June
I am in a garden. It’s early in the evening; almost midsummer. The dusk has begun its slow and peaceful gathering of the loose ends of the afternoon and birds are still gossiping in the trees and hedges: I have nothing to do but listen. As the shadows begin to blend and blur at the edges of the garden, my sight is softened and other senses take over more keenly: my hearing sharpens and I can feel the coolness of the coming night on my skin and smell the sharp scent of leaves and grass and the sweet odours of the night-haunting flowers.
I am poised between day and night; between yearning and satiety. Between sun and moon and stars. For this short time, I am entirely myself. I am being, not doing and this is something I usually push aside, thinking that this can wait; there’ll be plenty of time to do nothing tomorrow. But, of course, it is likely that tomorrow will never come and I shall get to the end of my life without having immersed myself enough in just this ephemeral vacuum of non-doing. Where there is nothing but NOW and where desire does not exist because anticipation does not have any meaning.
To me, there is something of this immediacy, this ‘now’ in the writing of a poem. In the initial spark of an idea. As this is transferred to the page it becomes something different: it moves from the ephemeral to the concrete; capable of being stored and re-told infinitely. But a good poem is able to recreate that quick flame whenever it is read anew. Just for a moment it can be devoured by the senses before it is edited once more by the intellect.

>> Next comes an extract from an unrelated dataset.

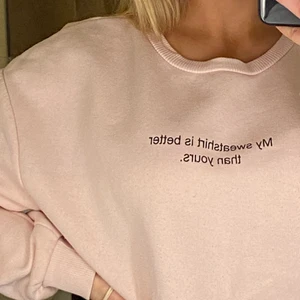 Sweatshirt  - Säljer denna fina sweatshirt från Chiquelle då den inte längre kommer till användning!💜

And this, possibly, is where artificial intelligence, however brilliant, still has a gap. AI seems not to be doing this at the moment: for now it is still very cleverly (and incredibly quickly) repeating what it has been taught and re-working, augmenting and editing that information to make a new story. As writers, we are all capable of doing this – it is one of the tools which we take pains to craft. But it is not the spark; that startling apprehension of the ephemeral. Surely this must be a uniquely human attribute, of which we should take good care? Because, if not, what exactly is the point of anything?
As we begin to rely more and more on AI, some Luddite tendency in me screams no; let’s not go there. Let’s not hand our capacity for creation away. Let’s hone this precious gift and encourage admiration and support of our arts and humanities. But I suspect that it is already far too late. The forbidden fruit from the Tree of the Knowledge of Good and Evil has long ago been plucked and devoured.
We are poised again between the known and the unknown, not quite sure how to proceed with what must surely turn out to be as huge a quantum leap as the discovery of fire. But I’m not at all confident we are certain enough about our own consciousness to be able to control the creation of an artificial one. We don’t have a great track record of empathy and, like Mary Shelley’s Victor Frankenstein, we may be creating a Monster which will destroy not only us but ultimately itself.